Most of these new technologies were developed for inter and intrastate transmission pipeline systems comprised of large-diameter pipelines with built-in pig launchers and receivers. As a result, compressor stations, product terminals and tank farms have been somewhat left out of the loop. Highly congested terminal and station facilities that include small-diameter pipeline systems can make typical IM programs difficult to implement. Yet, many terminals, stations and tank farms include vintage equipment and aging infrastructure in desperate need of evaluation and remediation.

HYDROTEST, ULTRASONIC INSPECTION, AND REPLACEMENT ISSUES

Until recently, station and terminal operators had few choices of inspection methods. Typically, terminal and station facility pipelines were considered to be too small to be piggable. Low-tech evaluation methods such as low-pressure hydrotesting and ultrasonic readings were commonly used, but these methods brought their own set of challenges.

First, hydrotesting does not fully meet the needs of safety inspection goals because pressure testing cannot reveal potential areas  of concern with the precision needed to economically repair or replace problem pipeline sections unless the pipe fails and leaks during the test. Also, hydrotests do not capture data, but rather, operate on a pass/fail basis without qualification or quantification. The tests require a pipeline to be pressurized above its normal operating pressure, usually by as much as 25%, or 1.25 times normal operating pressure. Typically, the pressures do not reach sufficient levels to cause failures, which are needed to expose weak spots in pipes. Pipes can pass pressure tests even with weak spots caused by internal corrosion or other factors. But over time and during normal operations, the weak spots can reach the point of slow leaks or complete failure, and cause unforeseen damage and operational losses.

Second, although the lines can be tested with entrained products, this method is not an option for many operators with facilities located within a mile or less of navigable waterways (i.e., the Mississippi River or coastal regions). These facilities are often regulated by the U.S. Coast Guard due to their proximity to waterways. Clearly, the Coast Guard’s priority is to prevent any type of product reaching waterways due to the high consequence of such an incident, and pressure tests using hydrocarbons or chemicals introduce the risk of leaks due to failure from overpressure. As a result, prior to conducting these tests, station and terminal operators are required to remove all products from the pipeline and inject water for the test, making such tests time-consuming and expensive due to the loss of normal operations for significant periods. Nonetheless, due to the lack of economically reasonable alternatives, operators continue to use pressure tests to validate their pipelines.
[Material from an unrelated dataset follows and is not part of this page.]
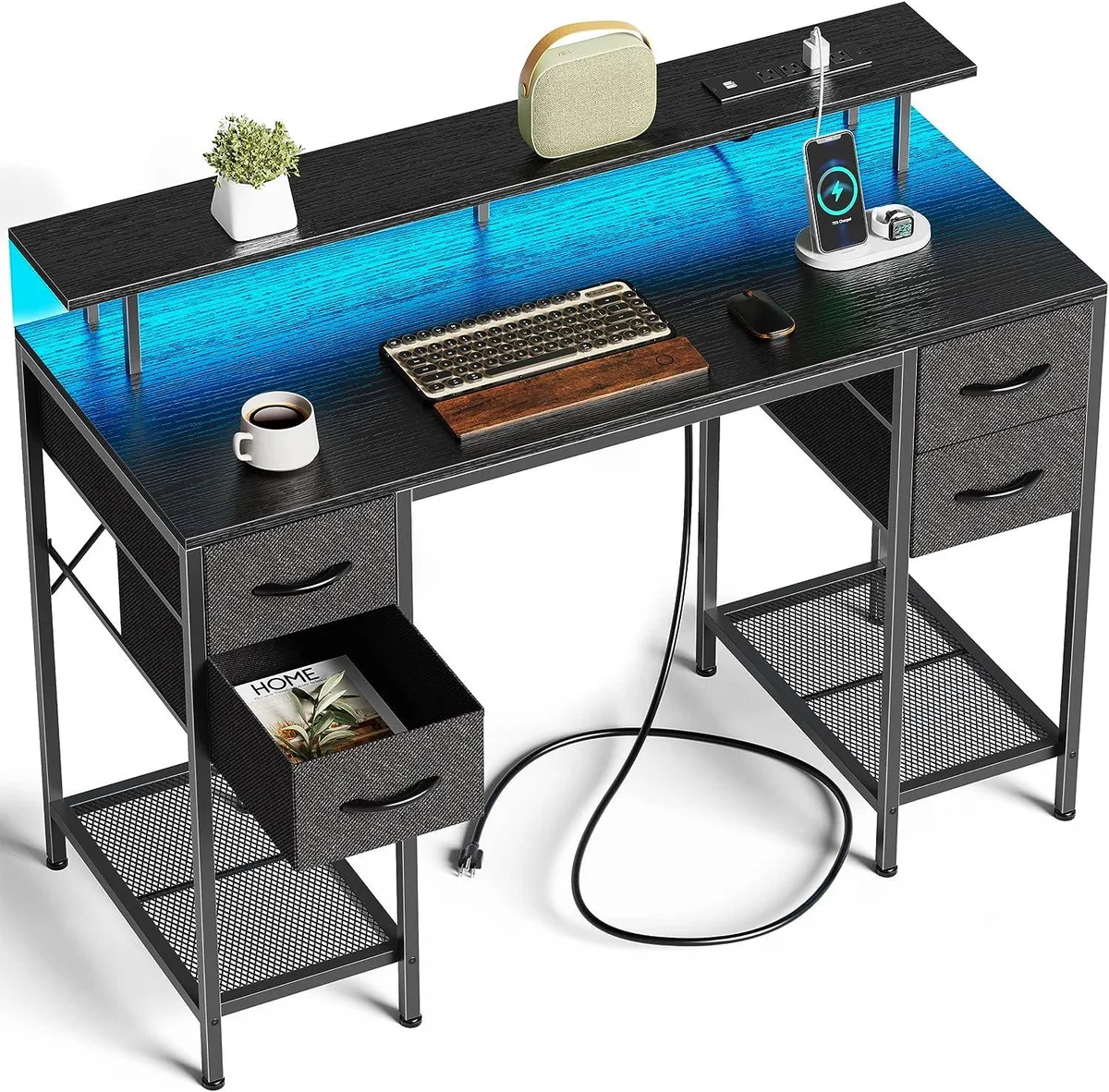 Black rectangular desk with four fabric drawers, monitor riser, LED strip lighting and built-in power outlets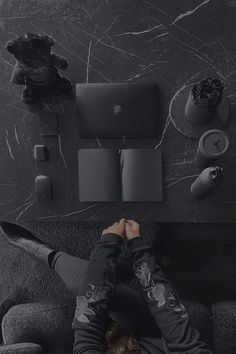 a man laying on top of a couch next to a laptop computer and other items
Meanwhile, handheld ultrasonic testing presents its own challenges. During ultrasonic testing, inspectors take a number of readings along pipes, sometimes costing hundreds of dollars per reading, depending upon the age of the pipeline, its intended use, and the facility operator’s intentions. Once the tests are completed, a report is generated based upon the averages of the readings. While this method is certainly valid, it does not inspect pipelines in their entirety, and pipelines do not evenly age and corrode during their useful lives—some of which can be 50 years or more. A one mile pipeline might only have a six inch section containing internal corrosion. The nature of spot testing and averaging with ultrasonic testing will miss small areas that have become damaged or highly corroded if that particular section was not included in the test. These areas can further deteriorate and result in leaks or failures.

However, with today’s focus on regulations, safety, and the environment, station and terminal operators must implement some method of sufficient IM system, or risk high maintenance costs, equipment loss or worse. In most cases, the cost of asset failure is much higher than the cost of timely inspection and remediation. As a result, facility operators are looking for an economical and easily applied technology to fully inspect their assets, whether they are buried pipelines or aboveground pipes wrapped with coatings and insulation that cannot be visually inspected.
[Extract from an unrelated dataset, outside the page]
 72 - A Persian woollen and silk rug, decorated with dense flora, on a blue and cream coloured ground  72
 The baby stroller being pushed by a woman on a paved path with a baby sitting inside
A third option for operators is to replace all pipes considered to be older infrastructure. In uncongested areas, that process might still be economical, but with modern equipment and highly congested and complex facilities, replacing even small pipelines can quickly become very large, capital-intensive undertakings due to licensing, environmental impacts and third-party interference, among other issues. Generally, pipeline replacement costs range from $100,000 to as much as $5 million per mile.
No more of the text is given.